I've never read a book quite like this. There are most definitely a few nods to the Phantom of the Opera, but it's not really a retelling. There's a fair bit of true body horror in this, but the most luscious, violent language is reserved for the descriptions of the ballet itself. The scenes are vivid, but the prose itself is dreamy (or rather, nightmarish but with dream logic) as we follow Laure's logic. The story works a bit like a ballet performance, too, in that there's often little connective tissue between scenes, and a warped sense of time as the story unfolds.
Don't expect any heroes on this story. In that sense, it reminded me a bit of Dowery of Blood. Laure's logic makes sense in the context of how people treat her, and there's a lot of social commentary in here that's very carefully worded.

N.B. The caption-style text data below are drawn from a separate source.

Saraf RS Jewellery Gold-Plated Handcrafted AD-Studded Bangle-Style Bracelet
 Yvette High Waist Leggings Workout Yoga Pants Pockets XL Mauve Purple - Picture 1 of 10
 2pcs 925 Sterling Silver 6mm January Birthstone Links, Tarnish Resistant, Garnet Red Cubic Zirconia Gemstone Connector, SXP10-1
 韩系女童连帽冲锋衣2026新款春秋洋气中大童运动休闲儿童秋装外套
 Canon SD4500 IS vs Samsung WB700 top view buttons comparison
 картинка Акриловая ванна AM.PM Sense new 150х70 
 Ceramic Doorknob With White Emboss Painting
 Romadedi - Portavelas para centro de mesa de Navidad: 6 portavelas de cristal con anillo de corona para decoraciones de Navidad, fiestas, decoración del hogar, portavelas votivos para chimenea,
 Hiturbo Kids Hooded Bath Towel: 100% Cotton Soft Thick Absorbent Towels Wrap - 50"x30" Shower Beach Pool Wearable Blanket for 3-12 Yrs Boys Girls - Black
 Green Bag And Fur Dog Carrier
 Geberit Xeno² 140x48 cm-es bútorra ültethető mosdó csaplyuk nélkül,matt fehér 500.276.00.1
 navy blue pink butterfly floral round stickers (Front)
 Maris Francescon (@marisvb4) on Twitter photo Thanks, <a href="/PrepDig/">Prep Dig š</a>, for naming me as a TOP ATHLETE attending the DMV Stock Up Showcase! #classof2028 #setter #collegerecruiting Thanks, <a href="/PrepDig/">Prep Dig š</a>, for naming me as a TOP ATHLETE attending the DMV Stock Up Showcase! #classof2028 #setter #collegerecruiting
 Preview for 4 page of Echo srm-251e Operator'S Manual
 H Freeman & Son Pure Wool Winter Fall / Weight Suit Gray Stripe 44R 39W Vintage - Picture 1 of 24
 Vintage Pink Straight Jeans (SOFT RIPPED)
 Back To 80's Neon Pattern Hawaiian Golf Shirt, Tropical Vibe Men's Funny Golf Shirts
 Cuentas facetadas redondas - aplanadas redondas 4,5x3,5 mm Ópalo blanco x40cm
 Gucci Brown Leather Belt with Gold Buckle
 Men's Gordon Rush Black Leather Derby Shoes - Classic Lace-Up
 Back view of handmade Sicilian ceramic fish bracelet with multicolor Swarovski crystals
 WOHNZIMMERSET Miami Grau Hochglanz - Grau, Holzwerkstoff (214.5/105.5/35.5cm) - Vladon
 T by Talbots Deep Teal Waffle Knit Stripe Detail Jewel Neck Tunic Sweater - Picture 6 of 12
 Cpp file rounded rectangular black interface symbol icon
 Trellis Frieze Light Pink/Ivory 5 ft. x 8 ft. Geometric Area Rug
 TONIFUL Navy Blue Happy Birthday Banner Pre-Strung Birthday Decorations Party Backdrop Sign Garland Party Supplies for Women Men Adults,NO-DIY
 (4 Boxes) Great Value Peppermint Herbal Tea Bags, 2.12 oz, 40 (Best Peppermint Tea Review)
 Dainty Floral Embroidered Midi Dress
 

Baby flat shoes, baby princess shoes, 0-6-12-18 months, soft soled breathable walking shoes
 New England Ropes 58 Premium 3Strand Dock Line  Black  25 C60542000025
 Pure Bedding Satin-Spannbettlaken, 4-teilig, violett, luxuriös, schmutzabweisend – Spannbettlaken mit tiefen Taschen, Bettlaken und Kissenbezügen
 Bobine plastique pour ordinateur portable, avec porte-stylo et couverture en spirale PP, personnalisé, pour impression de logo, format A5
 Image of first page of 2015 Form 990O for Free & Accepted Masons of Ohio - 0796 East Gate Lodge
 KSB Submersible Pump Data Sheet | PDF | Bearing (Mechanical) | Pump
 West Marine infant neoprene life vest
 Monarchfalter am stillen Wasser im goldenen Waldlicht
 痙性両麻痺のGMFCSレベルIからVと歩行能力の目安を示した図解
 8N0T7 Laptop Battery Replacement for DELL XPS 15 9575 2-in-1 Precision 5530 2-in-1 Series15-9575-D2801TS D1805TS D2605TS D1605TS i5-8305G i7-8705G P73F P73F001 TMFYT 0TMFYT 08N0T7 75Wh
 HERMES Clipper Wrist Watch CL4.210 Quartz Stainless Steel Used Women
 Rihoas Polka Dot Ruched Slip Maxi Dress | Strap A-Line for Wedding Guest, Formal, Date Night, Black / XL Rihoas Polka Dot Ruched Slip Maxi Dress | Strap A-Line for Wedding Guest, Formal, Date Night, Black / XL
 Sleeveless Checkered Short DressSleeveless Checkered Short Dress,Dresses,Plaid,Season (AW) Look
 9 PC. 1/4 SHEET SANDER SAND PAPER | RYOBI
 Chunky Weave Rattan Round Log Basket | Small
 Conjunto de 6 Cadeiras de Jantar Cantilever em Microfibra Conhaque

There were a number of times when I had to go back a page or two and reread passages to see if I'd missed something, because the slightly disjointed nature of the story made it hard for me to fully immerse myself in the narrative. That read like a deliberate choice on Shea's part, but it didn't always work for me. The prose isn't exactly purple, but it's a far cry from what I'd call 'commercial prose'---Shea luxuriates in language and puts the way dancer's bodies are viewed under a microscope. A couple of the fantastical elements of story left me lukewarm, but Laure's arc and voice, the descriptions of the ballet, and the overall commentary on human nature were gorgeous and twisted. That cover *swoon* is spot-on. Beautiful.
I was able to read this book as an ARC, and I wish Jamison Shae all the best with this gorgeous debut novel. I'm not clear if they intend for this to be the start of a series, but either way, I look forward to whatever they write next!